Meanwhile, the delta-winged Avro Vulcan’s maiden flight was in August 1952 while the crescent-winged Handley Page Victor first flew that December.

Myasishchev M-4 - NATO code name Bison - was the Soviet equivalent to the Boeing B-52

On 14 August 1953 the Soviet Union tested its first hydrogen bomb and on 1 May 1954 unveiled its first operational jet propelled nuclear-armed long-range bomber aircraft, the Tupolev Tu-16 "Badger". In July 1955, American fears of a bomber gap grew after formations of new 500 mph Tupolev Tu-95 "Bear" turboprop and 625 mph Myasishchev M-4 "Bison" jet bombers were flown repeatedly over US observers at a Moscow air display.

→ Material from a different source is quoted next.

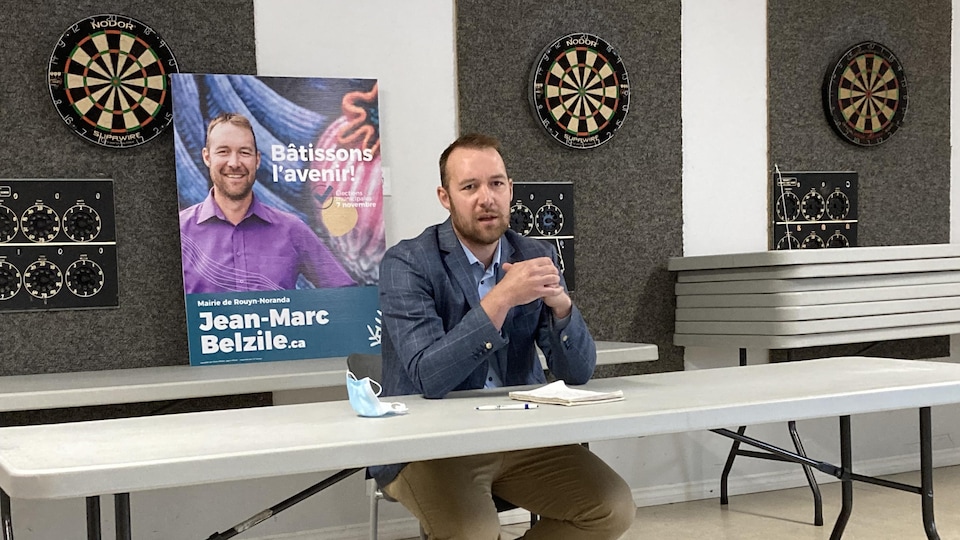 Le candidat à la mairie de Rouyn-Noranda, Jean-Marc Belzile, en conférence de presse à Cadillac.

By then however, the United States Air Force’s Strategic Air Command had Boeing B-52 bombers permanently in the air and ready for retaliatory bombing of communist targets. Indeed, on 18 July at a Summit Conference in Geneva, US President Eisenhower proposed an "Open Skies" policy that would allow each superpower to photograph each other’s territories from the air.

However, the RAF lacked a matching strategic reconnaissance aircraft for its new V-Force, despite one Vickers Valiant squadron being dedicated to this task. Lone Canberra twin-engined light bombers had been conducting reconnaissance operations over the Soviet Union with impunity since the early 1950s but by 1954 it was thought that for a viable strategic reconnaissance force, a dedicated platform was required. Whereas the Americans were working concurrently on a the subsonic high altitude Lockheed U-2, the Ministry of Supply plumped for a high altitude, high speed aircraft with an extensive sensor suite.

Invitations to tender for R.156T ( which was worked up around Operational Requirement (OR) 330) were issued to A.V. Roe, English Electric, Handley Page Vickers and Shorts by the Air Staff in 1954.

As a reconnaissance platform, the OR.330 aircraft was to carry a suite of optical and radar sensors to provide targeting intelligence and post strike assessment for the V-force. With a specified speed of Mach 2.5 with Mach 3.0 dash speed over the target at an altitude of 70 000ft, OR.330 was to be immune to Soviet fighter defences and have a range of 5 000 nautical miles.

All the contenders submitted a canard configuration, mainly as a means to retain stability in the high-speed sections of the flight profile.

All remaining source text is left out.